In un mondo competitivo come quello moderno, l’idea di felicità è stata contrabbandata per successo a qualunque costo, soldi, potere. Ed è come se quest’ultima generazione stesse lanciando un grido di allarme inedito, che potrebbe significare: “ma io sono fatto per qualcosa di più che essere il miglior studente della mia università!”.
Sotto accusa sono anche i sistemi educativi, che hanno sempre meno l’obiettivo dello sviluppo pieno e integrale della personalità dei giovani. Il loro scopo dovrebbe essere quello di stimolare nell’allievo l’espressione delle sue potenzialità, realizzando una pedagogia del “successo” che non significa selezione, ma crescita della personalità in tutte le sue dimensioni, oltre che delle conoscenze e competenze. La società cerca dei “vincenti”: dalla scuola, al lavoro, al sociale; apparentemente non sa che farsene dei “mediocri”. Ma mediocri rispetto a cosa? Tante esperienze in campo educativo dimostrano che si possono valorizzare le capacità e le inclinazioni di tutti, evitando a tanti giovani di “avvitarsi” in percorsi di disistima e autodistruzione.

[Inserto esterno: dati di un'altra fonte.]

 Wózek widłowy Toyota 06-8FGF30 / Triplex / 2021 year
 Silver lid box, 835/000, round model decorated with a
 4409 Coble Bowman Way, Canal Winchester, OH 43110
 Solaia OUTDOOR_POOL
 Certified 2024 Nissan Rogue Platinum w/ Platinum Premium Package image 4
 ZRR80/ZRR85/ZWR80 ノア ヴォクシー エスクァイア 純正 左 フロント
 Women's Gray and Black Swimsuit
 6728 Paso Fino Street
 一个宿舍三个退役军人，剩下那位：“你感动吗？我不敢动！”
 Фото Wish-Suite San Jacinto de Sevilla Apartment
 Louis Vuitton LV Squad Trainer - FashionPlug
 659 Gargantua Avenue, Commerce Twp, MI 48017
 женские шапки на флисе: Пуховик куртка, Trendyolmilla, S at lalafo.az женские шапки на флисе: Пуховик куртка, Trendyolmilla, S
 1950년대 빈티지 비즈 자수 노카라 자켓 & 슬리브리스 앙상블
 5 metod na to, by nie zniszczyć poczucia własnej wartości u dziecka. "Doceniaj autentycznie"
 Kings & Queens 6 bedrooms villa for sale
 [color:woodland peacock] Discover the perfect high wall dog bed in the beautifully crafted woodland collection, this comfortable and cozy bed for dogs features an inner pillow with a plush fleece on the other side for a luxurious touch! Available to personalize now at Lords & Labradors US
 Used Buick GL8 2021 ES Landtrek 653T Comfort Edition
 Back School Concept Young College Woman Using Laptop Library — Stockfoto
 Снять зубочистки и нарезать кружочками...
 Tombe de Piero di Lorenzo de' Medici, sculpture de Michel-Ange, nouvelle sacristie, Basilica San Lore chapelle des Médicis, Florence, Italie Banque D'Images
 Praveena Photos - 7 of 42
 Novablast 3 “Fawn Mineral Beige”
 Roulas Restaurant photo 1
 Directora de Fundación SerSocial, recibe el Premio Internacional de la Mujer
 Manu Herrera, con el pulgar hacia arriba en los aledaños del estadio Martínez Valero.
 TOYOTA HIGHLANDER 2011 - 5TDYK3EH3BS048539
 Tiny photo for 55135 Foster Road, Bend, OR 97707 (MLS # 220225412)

E poi, chi ha detto che la competitività faccia vincere sempre il migliore? Nella vita reale i compiti più interessanti non seguono il principio di competizione, bensì quello di cooperazione.
Un grande educatore come don Giorgio Pontiggia disse che “ragazzi che non andavano più a scuola e non studiavano più hanno ripreso a farlo, non perché noi siamo stati più capaci di insegnare la matematica e l’italiano, ma perché nella matematica e nell’italiano si è comunicato un senso, qualcosa che è più grande della matematica e dell’italiano: in altre parole abbiamo ridestato la persona”.
E qui il tema va più in profondità: l’espulsione dalla società odierna di un’ipotesi di significato globale.
In God we trust era il motto dell’America: questo Dio è morto o è stato accantonato, è rimasta una tradizione etica, una religione civile politeista, come fu per gli antichi romani, accettata purché rispetti il sistema costituito.
Il cuore dell’uomo non può cambiare, non può essere ridotto, la vita così va stretta: “Guardo l’orologio sul muro, le mani si muovono appena, non sopporto lo stato in cui mi trovo, a volte lsembra che le pareti si restringano. Oh Signore, che posso dire, sono così triste da quando te ne sei andato. Il tempo, il tempo mi scorre addosso, sola è l’ultimo posto in cui avrei voluto essere. Signore, cosa posso dire?”, canta Brandi Carlile, voce della generazione dei “Millennials”, nata a cavallo del secolo.
Qualcuno urla come nel quadro di Munch, qualcuno diventa ciecamente violento verso gli altri, qualcun altro verso di sé.